Он и тут тебя оправдал:
- Его гипноз - это мой страх.
А тебе забавляло, что такой большой и сильный у тебя на посылках.
Я бы однако избегла тут обобщений, хоть ты и тиранил свой кордебалет, держал в ежовых рукавицах свиту, третировал литературных нахлебников. У тебя была своя империя, коей ты был тиран. Не зря тебя назвали в честь вождя всех народов. Недаром Рим был твой идеал. Однако с Довлатовым у тебя был свой счет - с питерских времен. Двойной: женщина и литература. Память о юношеских унижениях. Как сказал известно кто: травмах.
В одной ты признался, но иронично, свысока, равнодушно, уже будучи мизогином: что осаждали с ним одну и ту же коротко стриженную, миловидную крепость, но из-за поездки в Среднюю Азию, чтобы хайджакнуть там самолет (все равно куда - не в, а из), ты вынужден был снять осаду, а когда вернулся после самолетной неудачи, крепость уже пала. То есть дело в отсутствии и присутствии: останься ты на месте поединка, его исход не вызывал никаких сомнений. А вообще - не очень и хотелось.
Хорошая мина при проигранной игре.
На самом деле другая мина: замедленного действия.
Боясь твоей мести, Довлатов официально, то есть прилюдно, отрицал свою победу, но как-то шептанул мне, что победил в честном поединке ещё до того, как ты отправился.
На роль этой миловидной крепости претендует теперь с полдюжины шестидесятилетних дам, и каждая сочиняет воспоминания.
Равнодушие и ирония вовсе не означали, что ты забыл и простил Довлатову тот свой проигрыш. Точнее, его выигрыш. А ты бы предпочел, чтобы это был твой проигрыш, а не его выигрыш. Что и дикобразу понятно. Тем более этот Сережин выигрыш - не единственный. Ваш с ним счет: 2:0.
Ты не забыл ни общий счет не в твою пользу, ни тесную связь между двумя его выигрышами, но о том, другом предпочитал молчать - ни одного печатного да хоть просто изустного проговора. Тем более молчал в тряпочку Сергуня, который предпочел бы, чтобы того выигрыша, который вы оба скрывали, и вовсе не было.
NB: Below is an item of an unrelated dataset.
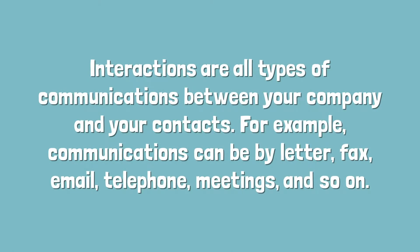Interactions are all types of communications between your company and your contacts. For example, communications can be by letter, fax, email, telephone, meetings and so on.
Очень надеялся, что ты о нем позабыл, хотя и знал, что помнишь.
Довлатов боялся не гения русской литературы, а распределителя литературных благ.
Он погружался в пучину ужаса, когда думал, что нобелевский лауреат и литературный босс помнит как, когда и, главное, кем был освистан на заре туманной юности.
Помнили - оба.
Еще вопрос, какое унижение для тебя страшнее - любовное или поэтическое.
У кого самая лучшая, самая цепкая память?
У злопамятного графа Монте-Кристо.
Память у него - злоебучая.
Как у тебя.
Ты и был граф Монте-Кристо во плоти и крови. Со всеми вытекающими последствиями. Ты помнил все свои унижения, и было их не так мало. А может Дантес Бобышев и не преувеличивал, когда говорил, что ты ему перекрыл кислородные пути?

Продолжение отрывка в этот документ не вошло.